July 16, 2021
U.S. Rep. Andy Kim helped clean up the U.S. Capitol in the aftermath of the Jan. 6 insurrection, staying deep into the night to assist cleanup crews.
Now, the blue suit he wore that day is headed to the Smithsonian.
The Democratic lawmaker, who represents New Jersey's third congressional district, said the museum reached out to him because it was looking for items that memorialized the insurrection. Kim donated the suit earlier this month.
The American History Museum confirmed that it has received the suit, but it does not have any immediate plans for its display.
Kim told NBC that he originally bought the J. Crew suit to wear to President Joe Biden's inauguration. Instead, he ended up wearing it as he cleared debris from the Capitol — an act that received national attention.
"This suit meant a lot of different things for me," Kim told NBC. "It was originally a suit that I purchased in a celebratory way … excited to have a new suit to wear for such a big occasion. The suit then took on a different meaning where I couldn't help but see the tragedy of Jan. 6 and then it became a suit that I started to see reflected in people around this country. They see in it a sense of hope and resilience from that day."
In a Twitter thread, Kim said he wanted to make sure the insurrection, in which former President Donald Trump's supporters disrupted the certification of election results, are remembered.

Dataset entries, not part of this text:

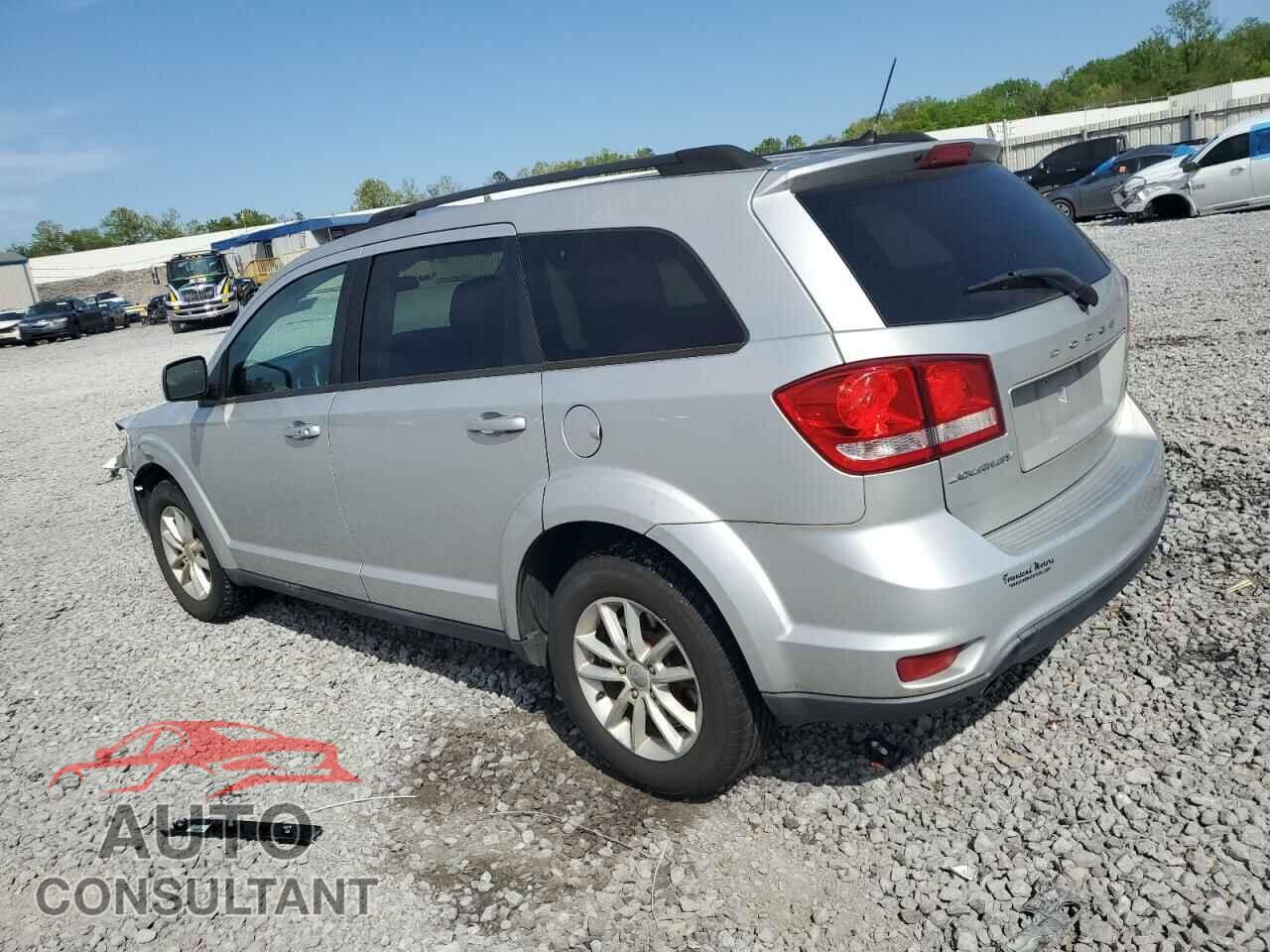 DODGE JOURNEY 2014 - 3C4PDCBG7ET126901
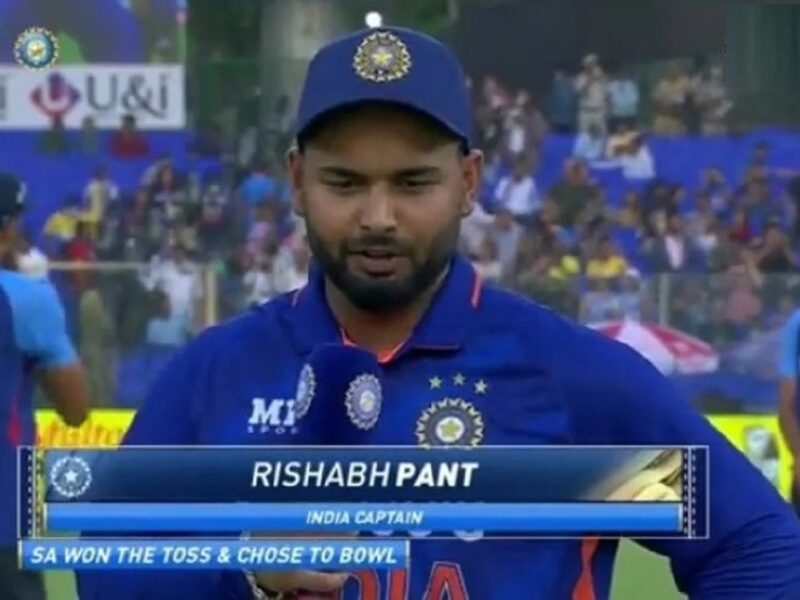 IND vs SA: क्या ऋषभ पंत को जल्दीबाज़ी में कप्तानी सौंप BCCI ने कर दी बड़ी ग़लती ?, यह धाकड़ प्लेयर साबित होता बेहतर कप्तान?
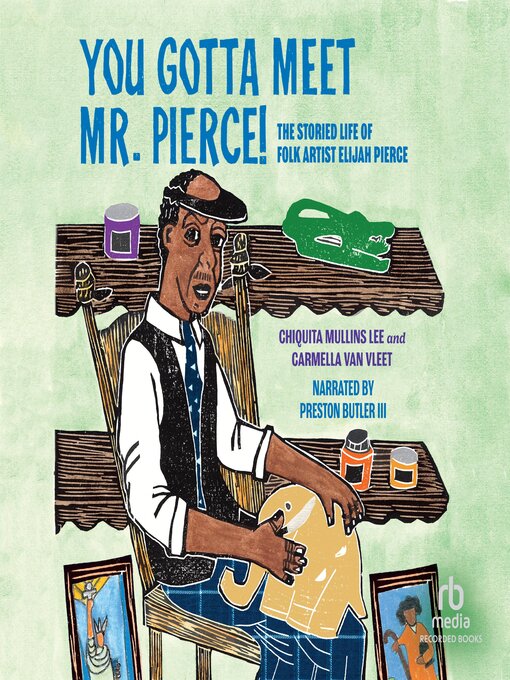 Title details for You Gotta Meet Mr. Pierce! by Chiquita Mullins Lee - Available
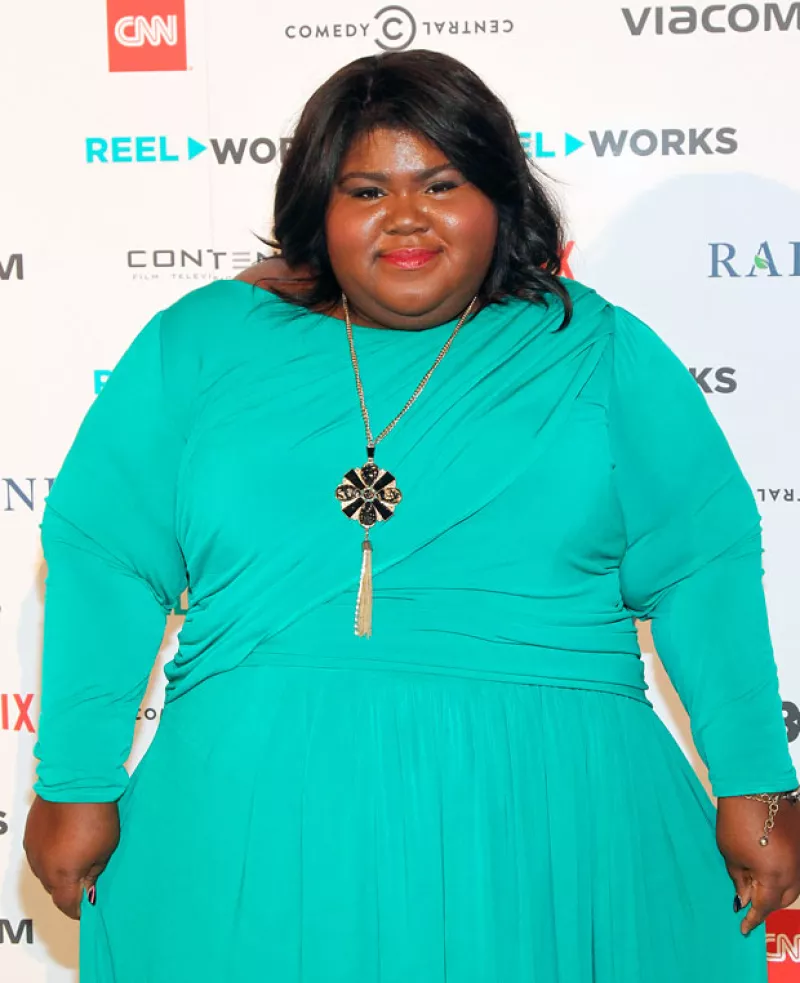 La actriz Gabourey Sidibe, mejor conocida por su papel en la cinta de "Precious", se mostró orgullosa de su personaje en "Empire", serie en la cual representó una escena que dio de qué hablar.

The suit kept bringing back "terrible" memories from that day, and he couldn't separate the suit from the events that took place, Kim said. Still, he came to see it as a form of resilience and hope.
6 months ago today I wore this blue suit as I cleaned the Capitol after the insurrection, now I just donated it to the Smithsonian. Jan6 must never be forgotten. While some try to erase history, I will fight to tell the story so it never happens again. Here is one story…(THREAD) pic.twitter.com/GKePd1ZMrr— Andy Kim (@AndyKimNJ) July 6, 2021
"Like my suit, what I did on Jan 6 on its face was unremarkable," Kim wrote. "I saw a mess and cleaned it. I wanted to right the wrongs of that day as quickly and as tangibly as I could. Neither my suit nor my actions are on their own worthy of memory, but the story didn't end there."
Kim again wore the suit on Jan. 13 when he cast his vote to impeach Trump. He said it still had dust on the knees from the insurrection. He then vowed to never wear it again.
"I even considered throwing it away," Kim wrote. "It only brought back terrible memories. I could never separate that suit from the events of Jan 6. I hit it in my closet as I never wanted to see it again."
But when he received thousands of cards from people who had seen pictures of him clearing the wreckage from the Capitol, he realized it gave them a sense of hope.
So when the Smithsonian asked for it, he said yes.